Treasury Curve Today Week Change
3 Month 0.01% Unchanged
6 Month 0.04% Unchanged
1 Year 0.06% Unchanged
2 Year 0.16% Unchanged
3 Year 0.34% Unchanged
5 Year 0.82% -0.05%
10 Year 1.58% -0.09%
30 Year 2.26% -0.07%

Short-Term Rates

Fed Funds 0.25%
Prime Rate 3.25%
3 Mo LIBOR 0.19%
6 Mo LIBOR 0.22%
12 Mo LIBOR 0.29%
Swap Rates  
3 Year 0.464%
5 Year 0.906%
10 Year 1.563%

 

Economic Calendar

Date Statistic For Briefing Forecast Market Expects Prior
Apr 21 MBA Mortgage Applications Apr 16 NA NA -3.7%
Apr 22 Chicago Fed Nat. Activity Index Mar 1.20 1.20 -1.09%
Apr 22 Initial Jobless Claims Apr 17 650k 625k 576k
Apr 22 Leading Index Mar 0.9% 1.0% 0.2%
Apr 22 Existing Home Sales Mar 6.15m 6.15m 6.22m
Apr 22 Existing Home Sales(MoM) Mar -1.2% -1.1% -6.6%
Apr 23 Markit US Manufacturing PMI Apr P 60.5% 60.5% 59.1%
Apr 23 Markit US Services PMI Apr P 61.5% 61.5% 60.4%
Apr 23 New Home Sales (MOM) Mar 14.2% 14.3% -18.2%

Top 5 Events for the Week

April 19— 23, 2021

1. Washington Happenings—All Week

We mentioned above that it might be a quiet week what with no Fed speakers and a short list of decidedly second-tier economic releases, but we did mention there is always the possibility that something out of Washington D.C. can occur that upsets the apple cart. While the political machinations are churning around the infrastructure bill with the Republicans offering a $600 -$800 billion counterproposal, the guiding philosophy so far in the Biden Administration is to go big and we are sure they will do the same with the Republicans more modest proposal. The infrastructure bill and the tax hikes to pay for it are still a long way off but Washington has other ways to upend the calm waters of the market. One possibility is the raising of diplomatic tensions between the US and Russia. The US placed a lengthy list of sanctions against dozens of Russians and others it identified as aiding the Russian Solar Winds hacking effort, 2016 election interference as well as interference in  the 2020 election. Several Russian “diplomats” are to be expelled as part of the sanctions. You can fully expect Russia to respond in kind, at the least,  but the deeper question is will they take it a step further? They have already been massing larger troop levels and equipment near the disputed Donbas and Crimea regions in Ukraine, and if that low-level skirmish is escalated at some point it will certainly change the market calculus. We’re not predicting anything as we get way over our skis discussing geo-political machinations, but what’s that old saying to never short a dull market?

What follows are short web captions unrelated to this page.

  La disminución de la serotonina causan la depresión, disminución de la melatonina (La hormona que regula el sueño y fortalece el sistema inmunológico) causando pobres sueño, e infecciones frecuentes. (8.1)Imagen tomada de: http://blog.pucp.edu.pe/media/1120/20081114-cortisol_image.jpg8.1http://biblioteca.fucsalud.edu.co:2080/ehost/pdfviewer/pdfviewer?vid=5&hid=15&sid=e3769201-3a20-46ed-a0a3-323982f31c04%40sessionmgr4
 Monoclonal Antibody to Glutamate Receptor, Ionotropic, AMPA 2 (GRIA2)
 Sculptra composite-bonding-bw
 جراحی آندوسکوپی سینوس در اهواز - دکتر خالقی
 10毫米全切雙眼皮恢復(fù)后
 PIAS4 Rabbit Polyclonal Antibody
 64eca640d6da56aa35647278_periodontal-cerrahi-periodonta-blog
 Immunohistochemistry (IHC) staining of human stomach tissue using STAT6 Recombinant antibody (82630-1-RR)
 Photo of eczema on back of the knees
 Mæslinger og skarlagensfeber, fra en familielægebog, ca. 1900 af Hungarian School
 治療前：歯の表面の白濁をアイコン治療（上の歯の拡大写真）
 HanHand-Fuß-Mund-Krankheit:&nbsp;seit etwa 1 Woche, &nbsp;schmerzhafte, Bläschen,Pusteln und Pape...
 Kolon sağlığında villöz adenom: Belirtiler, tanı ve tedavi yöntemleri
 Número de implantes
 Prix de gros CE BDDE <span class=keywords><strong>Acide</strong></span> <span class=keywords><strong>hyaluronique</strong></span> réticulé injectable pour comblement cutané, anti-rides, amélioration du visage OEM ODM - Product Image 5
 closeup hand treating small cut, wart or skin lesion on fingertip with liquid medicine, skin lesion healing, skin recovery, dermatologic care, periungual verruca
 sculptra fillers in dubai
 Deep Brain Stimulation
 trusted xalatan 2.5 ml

2. March Leading Indicators—Thursday

The Leading Index-a gauge of nearly 80 variables that tend to move before the overall economy- plumbed new depths this time last year, as one would expect, but rebounded smartly in the summer only to plateau moving into year-end as virus case counts started spiking again.  But with vaccines getting into more people on a daily basis, and case counts well off the holiday highs, the index should start to see a rebound. Any reading below zero constitutes a contracting economy while above zero is an expanding economy. For March the index is expected to move up smartly by 1.0%  versus a 0.2% gain in February. The stock rally has helped the index for months now, but rising rates have been a headwind. Improving sentiment readings have no doubt contributed to the index’s rebound as well. Thus, the Leading Index for March is expected to show us an economy that is poised to continue, if not exceed, its recent growth trajectory.

Source: Bloomberg

3. March Existing Home Sales—Thursday

On Thursday, we’ll get March existing home sales—accounting for 90% of the residential market—which are expected to be down slightly from February’s results. The March print is expected to  see sales dip  –1.1% month-over-month to 6.15 million houses from 6.22 million sold in February, on an annualized basis.  Don’t shed a tear, however, as the housing sector continues to benefit from low mortgage rates and taking the numbers in context the housing market is hitting on all cylinders.  So while mortgage rates rose 50bps in February and March they barely made a dent in March existing home sales and that is notable. While that pick up in mortgage rates is not to be disregarded entirely, by historical standards a 3.30% mortgage loan is still pretty cheap, thus we don’t expect much backsliding in activity.

4. March New Homes—Friday

While new home sales only account for about 10% of the housing market they do bring with it all the elements that go into the construction of a home and so it is an important input to GDP and also to the health of the housing market. For the month of March, sales are expected to rebound after February’s weather-related drop. Sales are expected to increase 14.3% month-over-month to 950 thousand units sold on an annualized basis. In February sales totaled 869 thousand. Sales peaked at 979 thousand annualized back in July as activity coming out of the spring lockdowns and the usual summer selling season coalesced. These numbers are still dwarfed by the nearly 1.4 million homes sold (annualized) in July 2005 as the housing bubble reached its zenith. In any event, present sales are at levels last experienced in 2007 as we were coming off the housing bubble peaks and nearly past the pandemic-related peak from last July.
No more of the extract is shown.